▶ [Exercise] The response must contain every record, repeated exactly.
*** Material supplied Section Begins ***
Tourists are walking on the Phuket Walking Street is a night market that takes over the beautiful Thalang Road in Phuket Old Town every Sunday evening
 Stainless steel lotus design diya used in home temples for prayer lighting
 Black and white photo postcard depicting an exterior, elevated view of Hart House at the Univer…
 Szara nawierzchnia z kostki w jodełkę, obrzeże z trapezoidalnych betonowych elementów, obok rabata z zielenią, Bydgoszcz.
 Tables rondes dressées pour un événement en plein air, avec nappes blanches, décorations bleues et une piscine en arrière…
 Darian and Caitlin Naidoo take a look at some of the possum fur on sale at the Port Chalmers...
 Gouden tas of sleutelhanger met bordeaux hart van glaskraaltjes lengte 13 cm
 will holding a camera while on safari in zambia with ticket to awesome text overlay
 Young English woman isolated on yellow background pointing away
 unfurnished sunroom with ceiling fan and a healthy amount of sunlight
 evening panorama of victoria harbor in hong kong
*** Material supplied Section Ends ***
▶ [Exercise solution]
Tourists are walking on the Phuket Walking Street is a night market that takes over the beautiful Thalang Road in Phuket Old Town every Sunday evening
 Stainless steel lotus design diya used in home temples for prayer lighting
 Black and white photo postcard depicting an exterior, elevated view of Hart House at the Univer…
 Szara nawierzchnia z kostki w jodełkę, obrzeże z trapezoidalnych betonowych elementów, obok rabata z zielenią, Bydgoszcz.
 Tables rondes dressées pour un événement en plein air, avec nappes blanches, décorations bleues et une piscine en arrière…
 Darian and Caitlin Naidoo take a look at some of the possum fur on sale at the Port Chalmers...
 Gouden tas of sleutelhanger met bordeaux hart van glaskraaltjes lengte 13 cm
 will holding a camera while on safari in zambia with ticket to awesome text overlay
 Young English woman isolated on yellow background pointing away
 unfurnished sunroom with ceiling fan and a healthy amount of sunlight
 evening panorama of victoria harbor in hong kong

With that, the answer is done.